Strategy: Forgive the debt, and treat it as a contribution to your business. If you do this properly, neither you nor the company has to pay any tax on the transaction.
Normally, debt forgiveness results in taxable income to the organization, called cancellation-of-debt (COD) income. But a loophole in the tax law allows your company to effectively sidestep COD income when you forgive what the company owes you.
Example: Dodge the COD tax bullet
Let’s say your company incurs $100,000 of debt. After it pays $25,000 of the debt, it experiences financial difficulties. So, you negotiate with the creditor to forgive the remaining $75,000 of debt in exchange for $50,000 of common voting stock.
Under those facts, your company would face $25,000 ($75,000 minus $50,000) of COD income.
It’s a different story, though, if the company owes you or another shareholder the money. If you simply contribute the debt to the organization’s capital structure without receiving any stock in exchange, the company incurs no COD income. No COD income = no tax.

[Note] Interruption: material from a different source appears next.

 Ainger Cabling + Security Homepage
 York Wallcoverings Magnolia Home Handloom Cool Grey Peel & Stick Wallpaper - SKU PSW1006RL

Sidestep potential tax pitfalls. Don’t take any additional company stock in exchange for forgiving the corporate debt. That could trigger taxable COD income for your company. And you have no real reason to do it if you own all of the outstanding shares.
Here’s why: Since you already own 100 percent of the company, you’re in the same position as you were before forgiving the debt. So, you can avoid unnecessary tax by simply doing nothing.
Tip: Consult your tax pro, since this is a highly technical area of the tax law.